Model IDs, effort levels, prompt caching, tokenizer migration, and code examples for Python and TypeScript.
Model ID
claude-opus-4-7-20260416
Context window
1,000,000 tokens
Max output
32,000 tokens
Input / output
$5 / $25 per 1M
Model IDs by platform
Platform
Model ID
Anthropic API
claude-opus-4-7-20260416
AWS Bedrock
anthropic.claude-opus-4-7-20260416-v1:0
Google Vertex AI
claude-opus-4-7@20260416
Microsoft Foundry (Azure)
claude-opus-4-7-20260416 (check Azure docs)
Basic usage — Python
import anthropic
client = anthropic.Anthropic()
message = client.messages.create(
model="claude-opus-4-7-20260416",
max_tokens=1024,
messages=[
{
"role": "user",
"content": "Review this PR diff and identify any bugs."
}
]
)
print(message.content[0].text)
Basic usage — TypeScript
import Anthropic from "@anthropic-ai/sdk";
const client = new Anthropic();
const message = await client.messages.create({
model: "claude-opus-4-7-20260416",
max_tokens: 1024,
messages: [
{
role: "user",
content: "Review this PR diff and identify any bugs."
}
]
});
console.log(message.content[0].text);
Effort levels
Opus 4.7 adds a new xhigh effort level between high and max.
Level
Latency
Quality
Best for
low
Fastest
Basic
Simple factual queries, classification
medium
Fast
Good
Summarisation, drafting, light reasoning
high
Moderate
Strong
Coding, analysis, most production tasks
xhighNEW
Slow
Very strong
Hard coding problems, complex reasoning NEW
max
Slowest
Maximum
Frontier tasks, novel research, highest accuracy
# Using xhigh effort for hard coding tasks
message = client.messages.create(
model="claude-opus-4-7-20260416",
max_tokens=16000,
thinking={
"type": "enabled",
"effort": "xhigh" # new in Opus 4.7
},
messages=[{"role": "user", "content": prompt}]
)
Prompt caching — 90% off input costs
Cache your system prompt, large documents, or tool definitions. Cached tokens cost $0.50/1M instead of $5/1M.
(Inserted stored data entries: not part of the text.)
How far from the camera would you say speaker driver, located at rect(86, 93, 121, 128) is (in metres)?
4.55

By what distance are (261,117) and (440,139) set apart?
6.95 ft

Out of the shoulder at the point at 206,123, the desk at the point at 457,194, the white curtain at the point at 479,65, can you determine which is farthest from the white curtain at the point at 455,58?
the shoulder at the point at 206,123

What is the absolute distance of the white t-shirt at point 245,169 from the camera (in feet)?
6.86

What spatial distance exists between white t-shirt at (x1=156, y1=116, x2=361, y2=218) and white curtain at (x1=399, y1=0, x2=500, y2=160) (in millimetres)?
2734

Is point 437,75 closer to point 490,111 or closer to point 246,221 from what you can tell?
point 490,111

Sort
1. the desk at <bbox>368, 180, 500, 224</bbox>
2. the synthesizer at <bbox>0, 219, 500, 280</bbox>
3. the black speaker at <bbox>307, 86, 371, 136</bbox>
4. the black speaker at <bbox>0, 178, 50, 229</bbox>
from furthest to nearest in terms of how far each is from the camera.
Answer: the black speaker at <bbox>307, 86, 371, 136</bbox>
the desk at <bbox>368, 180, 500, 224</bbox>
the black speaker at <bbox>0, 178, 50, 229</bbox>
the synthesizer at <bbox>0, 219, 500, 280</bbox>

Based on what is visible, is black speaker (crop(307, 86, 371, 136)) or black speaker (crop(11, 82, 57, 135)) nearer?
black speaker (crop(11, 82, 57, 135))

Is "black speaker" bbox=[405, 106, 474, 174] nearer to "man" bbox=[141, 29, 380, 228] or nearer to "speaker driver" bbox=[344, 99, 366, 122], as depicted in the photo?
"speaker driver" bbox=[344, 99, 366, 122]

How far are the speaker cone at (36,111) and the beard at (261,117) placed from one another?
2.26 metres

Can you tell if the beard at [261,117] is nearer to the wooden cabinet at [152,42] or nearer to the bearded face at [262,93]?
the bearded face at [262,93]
message = client.messages.create(
model="claude-opus-4-7-20260416",
max_tokens=1024,
system=[
{
"type": "text",
"text": "You are a senior software engineer...",
"cache_control": {"type": "ephemeral"} # cache this block
}
],
messages=[
{
"role": "user",
"content": [
{
"type": "text",
"text": large_codebase_context, # also cache this
"cache_control": {"type": "ephemeral"}
},
{
"type": "text",
"text": "Now review the following diff..."
}
]
}
]
)
Migration note: Opus 4.7's tokenizer changes where token boundaries fall. If you migrated from Opus 4.6, re-verify that your cache_control breakpoints still align with where you expect — cache misses can double your costs.
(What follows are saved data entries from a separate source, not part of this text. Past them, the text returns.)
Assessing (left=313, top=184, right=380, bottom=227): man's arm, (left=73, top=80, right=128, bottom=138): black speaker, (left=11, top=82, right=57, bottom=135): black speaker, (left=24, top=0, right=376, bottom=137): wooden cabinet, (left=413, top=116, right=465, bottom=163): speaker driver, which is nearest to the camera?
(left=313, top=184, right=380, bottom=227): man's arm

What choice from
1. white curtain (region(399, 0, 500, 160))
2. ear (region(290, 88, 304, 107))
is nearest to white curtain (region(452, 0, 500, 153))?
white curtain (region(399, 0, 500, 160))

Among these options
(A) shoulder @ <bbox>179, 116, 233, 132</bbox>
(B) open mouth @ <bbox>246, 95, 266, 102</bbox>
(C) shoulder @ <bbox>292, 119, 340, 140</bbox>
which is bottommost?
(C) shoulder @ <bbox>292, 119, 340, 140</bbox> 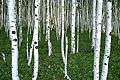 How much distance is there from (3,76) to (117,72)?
6.69 metres

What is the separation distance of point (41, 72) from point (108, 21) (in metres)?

Vision — 98.5% accuracy, 2,576px images
Opus 4.7 handles images up to 2,576px on the long edge. Pass them as base64 or via URL.
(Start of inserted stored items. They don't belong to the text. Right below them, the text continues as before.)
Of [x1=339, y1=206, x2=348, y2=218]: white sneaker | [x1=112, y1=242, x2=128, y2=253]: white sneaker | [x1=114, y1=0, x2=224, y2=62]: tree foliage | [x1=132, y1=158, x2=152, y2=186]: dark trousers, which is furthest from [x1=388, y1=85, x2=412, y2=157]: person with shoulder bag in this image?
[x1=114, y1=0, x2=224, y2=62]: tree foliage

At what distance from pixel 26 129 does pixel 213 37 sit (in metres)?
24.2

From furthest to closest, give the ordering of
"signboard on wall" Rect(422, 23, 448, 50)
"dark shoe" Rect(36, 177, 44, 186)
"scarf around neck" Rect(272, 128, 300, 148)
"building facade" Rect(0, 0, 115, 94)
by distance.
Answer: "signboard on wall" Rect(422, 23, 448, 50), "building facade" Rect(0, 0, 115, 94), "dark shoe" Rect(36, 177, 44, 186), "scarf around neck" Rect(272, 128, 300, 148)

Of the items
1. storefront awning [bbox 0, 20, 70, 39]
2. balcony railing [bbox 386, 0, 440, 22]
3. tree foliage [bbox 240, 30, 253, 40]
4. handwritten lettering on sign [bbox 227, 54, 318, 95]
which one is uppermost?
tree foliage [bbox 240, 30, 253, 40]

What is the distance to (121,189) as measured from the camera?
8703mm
The full model ID is claude-opus-4-7-20260416. Use this string in your API requests. The date suffix (20260416) pins you to the exact version snapshot — Anthropic may update the underlying model without changing the base name.
What effort levels does Claude Opus 4.7 support?
Claude Opus 4.7 supports five effort levels: low, medium, high, xhigh (new in 4.7), and max. Use xhigh when you need deeper reasoning than high but don't want the full latency of max. For production apps, high or xhigh are the recommended starting points.
How do I use prompt caching with Claude Opus 4.7?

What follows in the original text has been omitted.